На голове у алжирца островерхая зеленого цвета шапочка с помпоном. Заспанность, общие расовые черты и нищета стерли с его лица характерные признаки возраста. На вид ему можно дать как тридцать, так и пятьдесят лет.
— Вы очень хорошо говорите для алжирца, как мадридец.
— Я уже целый месяц в Мадриде. Ищу работу, но не выходит работа. У меня есть способность к языкам. У вас нет внешности, чтобы находиться здесь. Вы очень хорошо выглядите.
— Что значит хорошо выглядеть?
— Не смейтесь надо мной, сеньор. Вы, испанцы, очень хорошо знаете, что это такое. Вы народ, умеющий выглядеть лучше всех в мире. Я знаю это потому, что смотрю за вами на улице и потому, что видел Веласкеса и Эль Греко в Музее Эль Прадо. В первый день я пошел в Прадо, чтобы украсть Греко. Если сделаешь это, Хафид, сказал я себе, у тебя все будет в порядке. Но оказалось, что украсть Греко не так просто. Хотя, пока я в Мадриде, надеюсь украсть его. А если не украду, поеду в Париж работать уборщиком.
— Сейчас!
Грок ждет, когда среди одеял и прочих дорожных вещей, которые напялил на себя алжирец, появится фляжка. Алжирец оказался бойким и разговорчивым, но для Грока это не имеет значения. Все, чего он хочет, — один глоток.

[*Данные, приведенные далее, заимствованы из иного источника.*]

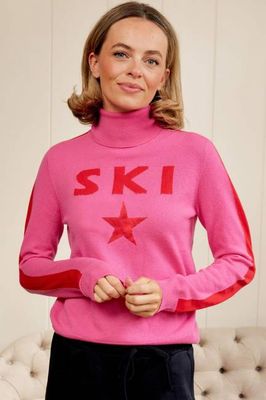 Merino Wool Ski Star Motif Slim Polo Neck Jumper | Pink/Red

— Представьте себе, васиство, я с Греко в Париже. В Париже найдется кто-нибудь, чтобы рискнуть и купить Греко. Поймаю свое счастье, и можно жить. И прощай это мыканье в переходах. Один глоток, васиство?
Один глоток, васиство. У Грока снова остановилось сердце, как при встрече с Кларой на Гран Виа. Интересно, сколько можно протянуть с остановившимся сердцем под землей. Грок элегантно, как мертвец (он мертв — он мертв?), наклоняется вперед, чтобы взять фляжку, и, сжав ее, пьет из латуни, нагретой темнокожей рукой.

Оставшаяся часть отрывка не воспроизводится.